La recalcitrante oligarquía bicentenaria del país, nos hace experimentar el sabor amargo de la incredulidad; lo que conlleva a interpretar una disidencia política de orden institucional, decisión con clara connotación política, que viene practicando el propio jefe del gobierno nacional; donde crea exclusión que genera desconfianza toda vez que sublima los valores de la ética.
Esta discusión sin punto final debe pasar a la historia y como tal reemplazarla por cambios innovadores y compromisos de gestión, acabando así los extremos antagónicos e irreconciliables de la política.
Los ciudadanos de bien estamos obligados a defender un sistema de ideas que crea profundamente en la capacidad de los seres humanos para ejercer responsablemente su libertad para elegir; debemos empoderarnos de debates serios con argumentos contundentes que generen espacios orientados a construir propuestas hacia el cambio bajo una mentalidad creativa.
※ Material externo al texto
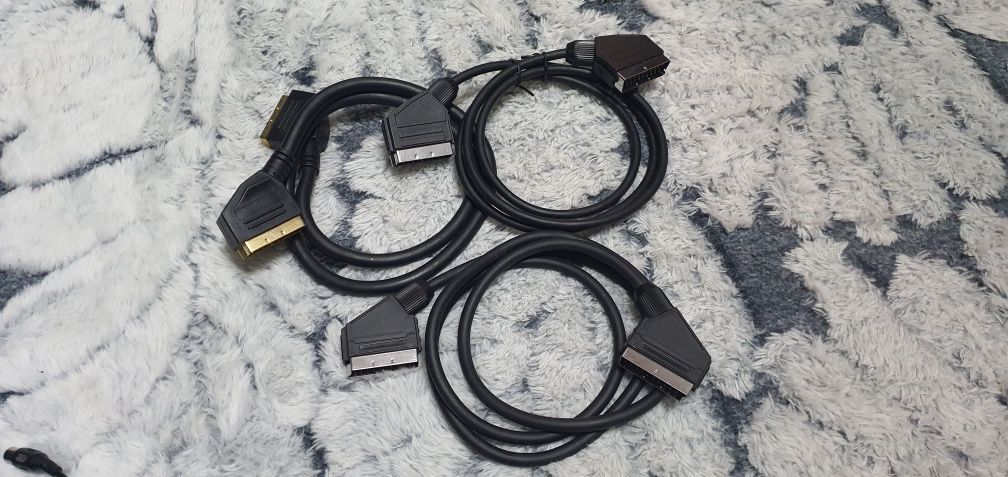 Kabel Euro SCART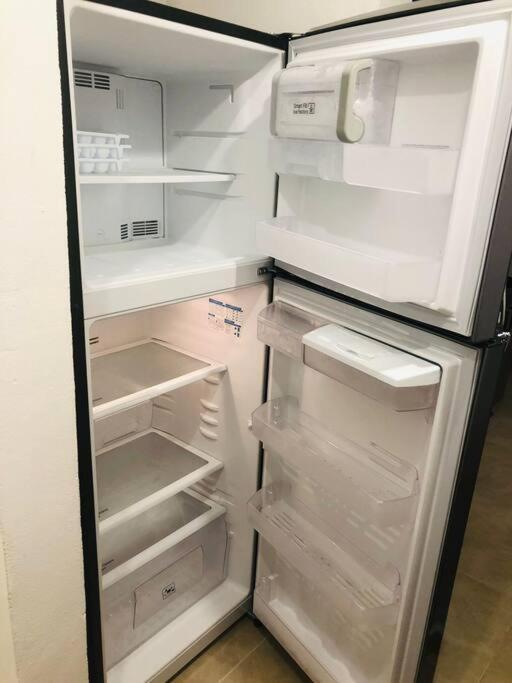 Depa Familiar Pb 6Pax Con Alberca Rodeado De Restaurantes Zona Segura Appartamento *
Es necesario desactivar el combustible de la guerra; sacar adelante decisiones valientes con pureza y rectitud, entre ellas ser honestos, responsables y cumplidores, base esencial de la verdadera democracia.
Demos al máximo promover la prioridad general de garantizar la efectividad de los principios , derechos y deberes consagrados en la Constitución Nacional; igualmente aprobar una agenda que garantice las libertades individuales y colectivas; articular un proceso educativo que exija a propios criterios de calidad y equidad. Finalmente dar legitimidad a todo lo pactado que beneficie a la sociedad mediante y un dialogo político que permita una apertura hacia el mejoramiento de la sociedad, signado por la disyuntiva de la paz. Al máximo debemos impedir que las ambigüedades sean instrumentalizadas en las campañas políticas, por el contrario consolidar un liderazgo depurado de odios y rencores.